Reading Paine from the Left - e12e
https://www.jacobinmag.com/2015/03/thomas-paine-american-revolution-common-sense/
======
e12e
There's been a few discussions on hn regarding universal basic income, and I
found the points related in the last third of this article quite interesting,
and would like to hear how the hn community responds:

> This is a universal capital grant, not a basic income. Paine wants to make
> everyone the owner of productive property.

> (...) The ground-rent he proposes would take the form of a 10 percent
> inheritance tax on all estates. The value of these inheritances, he
> realizes, includes “what is called personal, as well as . . . landed
> property,” and there is no clear way of parsing out the two.

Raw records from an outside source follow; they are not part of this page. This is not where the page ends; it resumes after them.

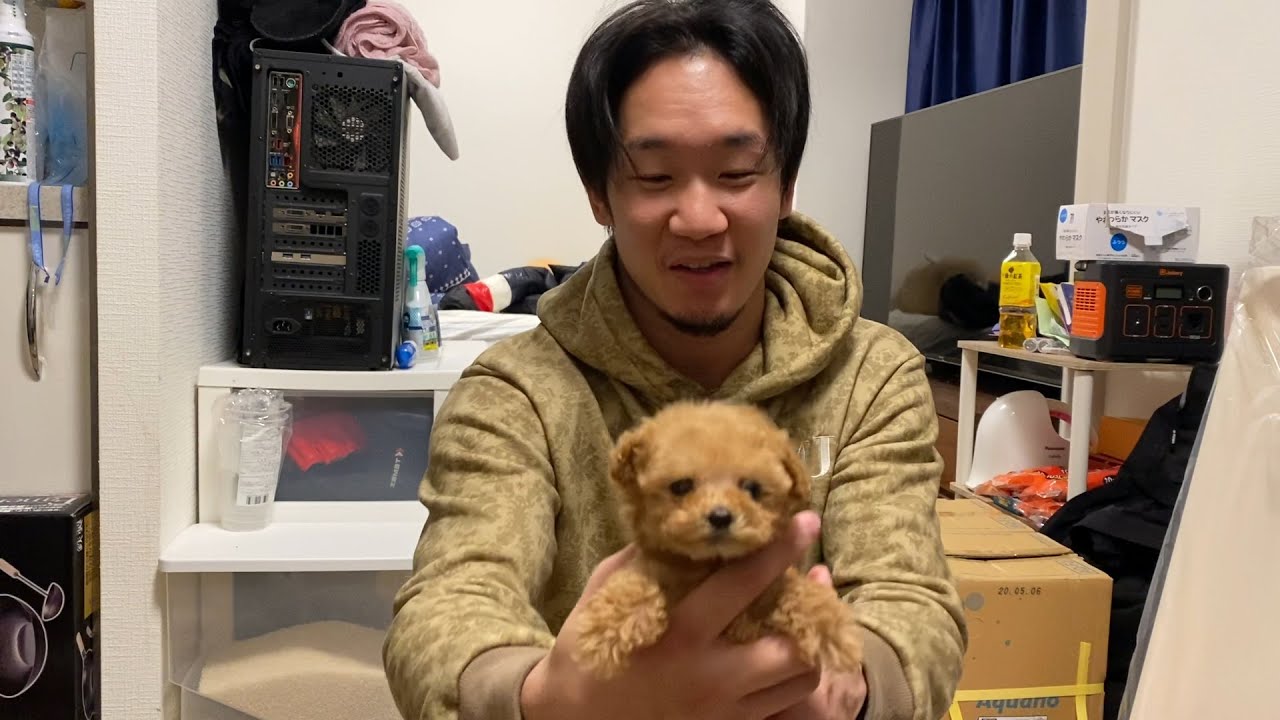 新メンバーが入りました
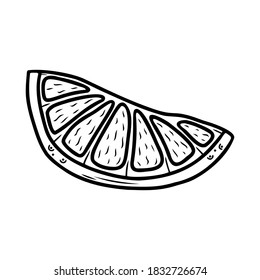 Hand drawn citrus fruit a slice of lemon or orange isolated on a white background. Doodle, simple outline illustration. It can be used for decoration of textile, paper and other surfaces.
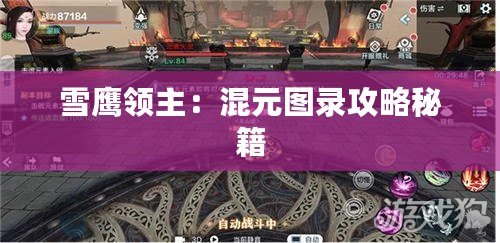 雪鷹領主：混元圖錄攻略秘籍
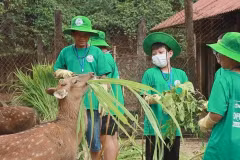 Молодые люди участвуют в программе "Cuc Phuong Camp 2024" в национальном парке Кукфыонг в северной провинции Ниньбинь (Фото: ВИA)
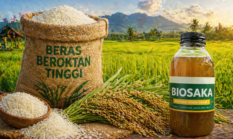 Padi Biosaka Hasilkan “Beras Beroktan Tinggi”, Benarkah Lebih Unggul?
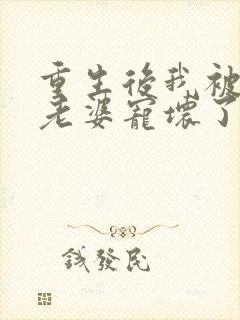 重生后我被影后老婆宠坏了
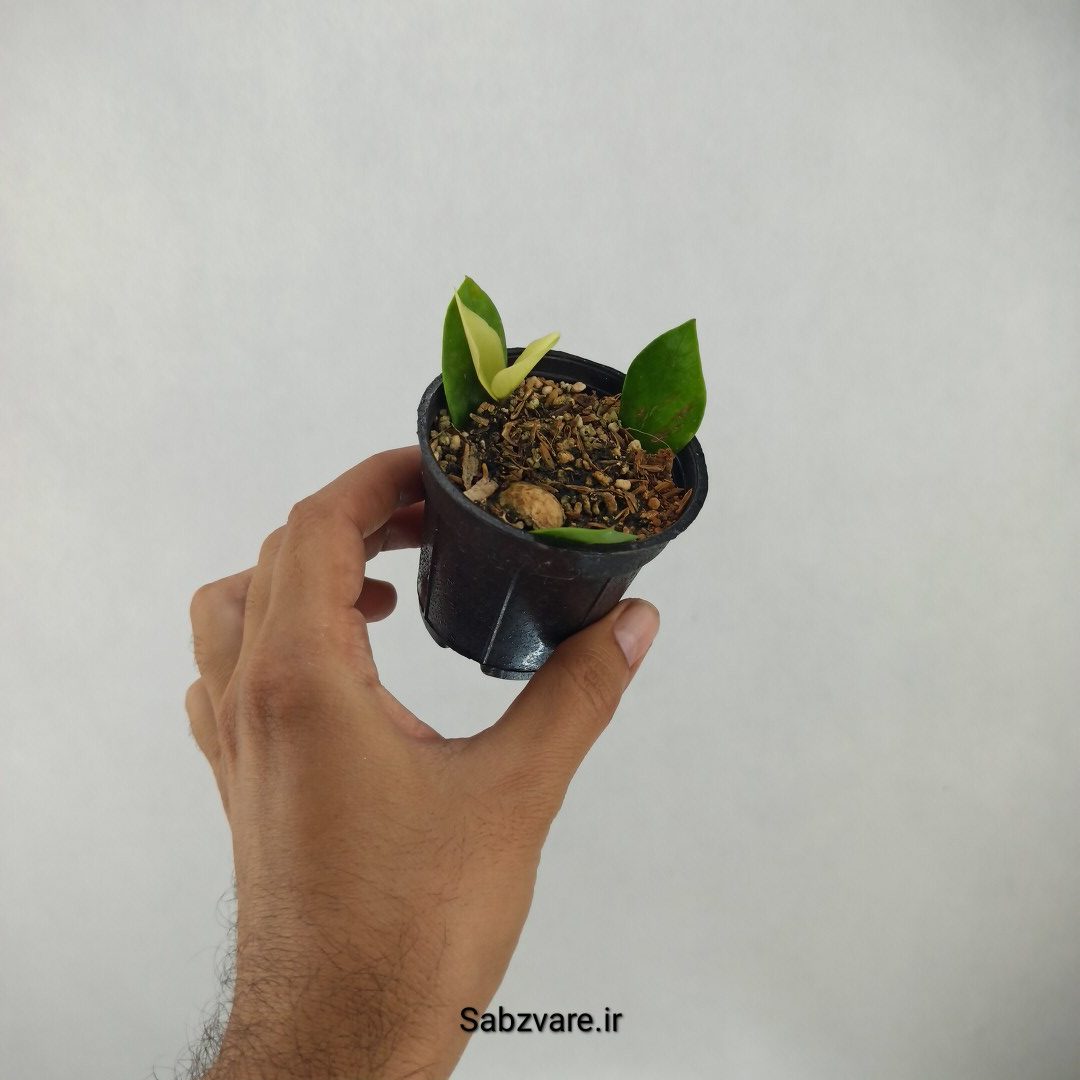 زامیفولیا ابلق (I24380) - Image 3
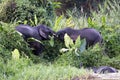 Borneo pygmy elephants Elephas maximus borneensis fight - Borneo Malaysia Asia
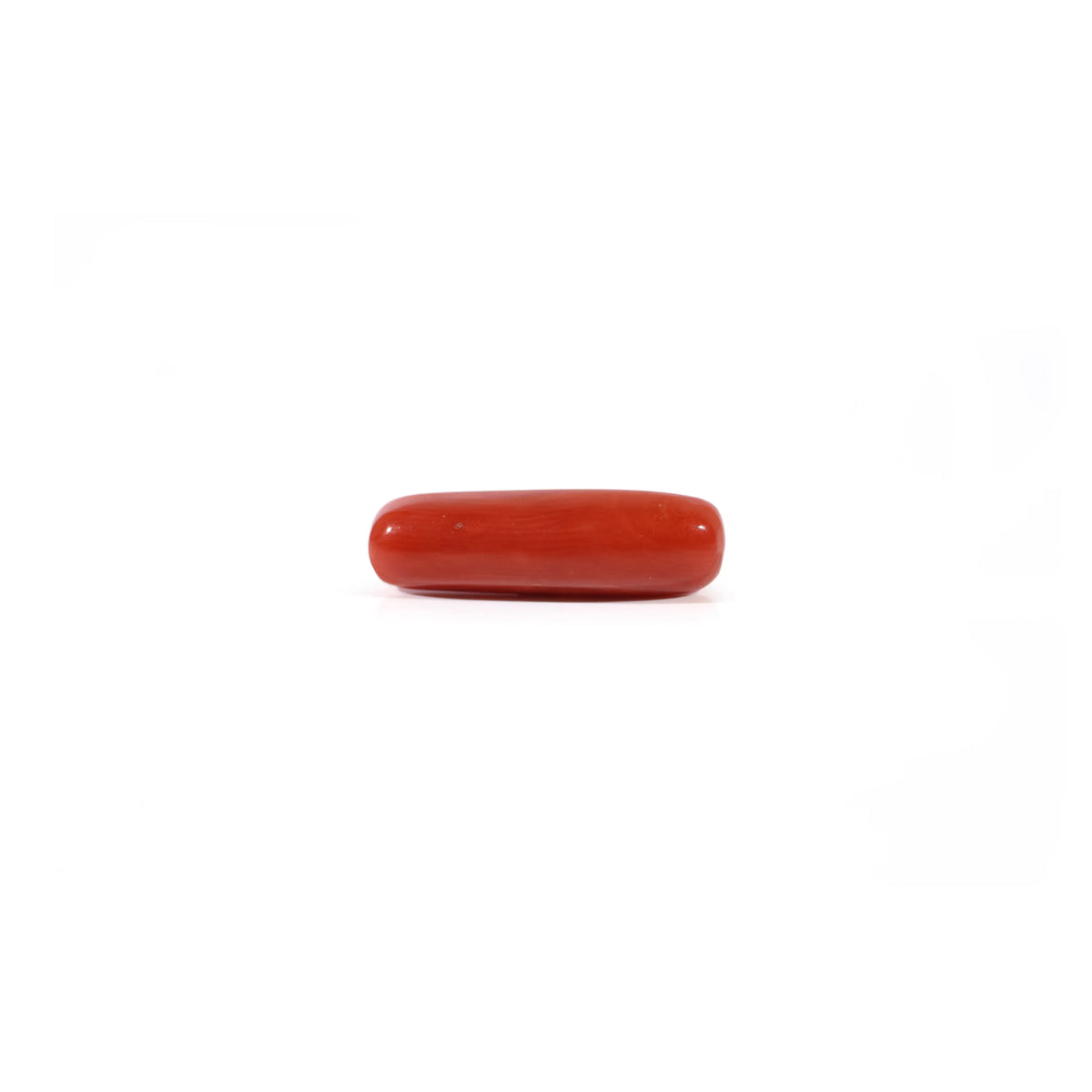 Red Coral - Moonga - 3.4 Carat - Pramogh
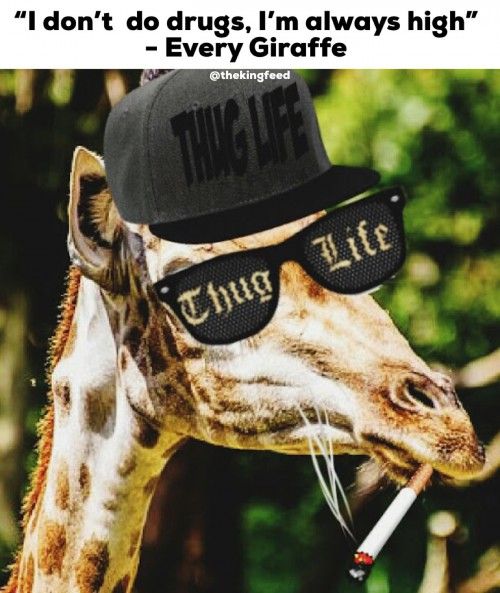 Detail Giraffe Hat Meme Nomer 7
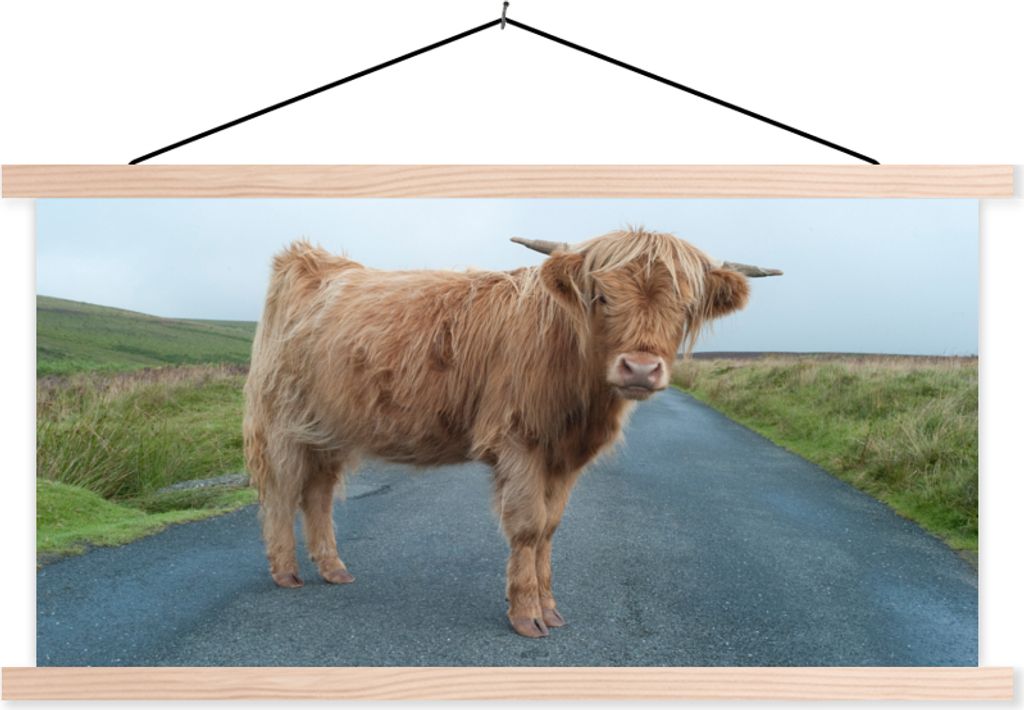 MuchoWow Textilposter Scottish Hochlandrind - Straße - Gras 60x30 cm mit holzfarbenen Rahmen - Dekoration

> Personal property is the effect of society; and it is as impossible for an
> individual to acquire personal property without the aid of society, as it is
> for him to make land originally. Separate an individual from society, and
> give him an island or a continent to possess, and he cannot acquire personal
> property. He cannot be rich. So inseparably are the means connected with the
> end, in all cases, that where the former do not exist the latter cannot be
> obtained. All accumulation, therefore, of personal property, beyond what a
> man’s own hands produce, is derived to him by living in society; and he owes
> on every principle of justice, of gratitude, and of civilization, a part of
> that accumulation back again to society from whence the whole came.

> “if we examine the case minutely it will be found that the accumulation of
> personal property is, in many instances, the effect of paying too little for
> the labour that produced it; the consequence of which is, that the working
> hand perishes in old age, and the employer abounds in affluence.” Here Paine
> sees property to be the result of the exploitation of labor by capital.